* **ACTION ITEM**
Exactly as written, copy the lines of the data below from the first through the one containing "Purple The North".

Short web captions
+ + +

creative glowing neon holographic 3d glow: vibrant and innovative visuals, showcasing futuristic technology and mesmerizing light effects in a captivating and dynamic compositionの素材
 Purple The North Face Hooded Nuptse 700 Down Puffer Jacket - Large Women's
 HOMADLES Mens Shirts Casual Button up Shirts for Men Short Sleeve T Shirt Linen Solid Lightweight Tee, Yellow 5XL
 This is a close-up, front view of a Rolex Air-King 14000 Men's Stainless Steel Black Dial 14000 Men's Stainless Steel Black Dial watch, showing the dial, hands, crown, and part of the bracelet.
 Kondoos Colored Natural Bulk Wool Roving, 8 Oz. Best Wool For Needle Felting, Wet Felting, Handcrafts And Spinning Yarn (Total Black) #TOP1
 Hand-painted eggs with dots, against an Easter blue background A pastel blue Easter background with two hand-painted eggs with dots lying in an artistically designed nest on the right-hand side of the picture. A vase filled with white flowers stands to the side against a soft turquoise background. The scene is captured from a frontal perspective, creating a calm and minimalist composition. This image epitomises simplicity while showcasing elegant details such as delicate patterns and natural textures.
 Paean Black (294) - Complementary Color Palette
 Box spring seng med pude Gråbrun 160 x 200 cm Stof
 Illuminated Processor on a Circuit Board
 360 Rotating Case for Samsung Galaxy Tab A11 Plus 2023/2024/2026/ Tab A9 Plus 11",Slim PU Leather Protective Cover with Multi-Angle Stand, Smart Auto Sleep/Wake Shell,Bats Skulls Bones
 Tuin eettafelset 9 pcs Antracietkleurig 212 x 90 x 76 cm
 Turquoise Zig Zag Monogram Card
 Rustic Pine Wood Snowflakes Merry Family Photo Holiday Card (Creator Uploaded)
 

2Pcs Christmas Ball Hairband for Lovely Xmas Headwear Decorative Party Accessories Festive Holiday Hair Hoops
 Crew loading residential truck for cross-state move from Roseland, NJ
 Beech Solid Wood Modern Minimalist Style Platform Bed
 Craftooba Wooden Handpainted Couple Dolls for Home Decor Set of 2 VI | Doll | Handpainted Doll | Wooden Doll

+ + +

* **RESPONSE BOX**
creative glowing neon holographic 3d glow: vibrant and innovative visuals, showcasing futuristic technology and mesmerizing light effects in a captivating and dynamic compositionの素材
 Purple The North Face Hooded Nuptse 700 Down Puffer Jacket - Large Women's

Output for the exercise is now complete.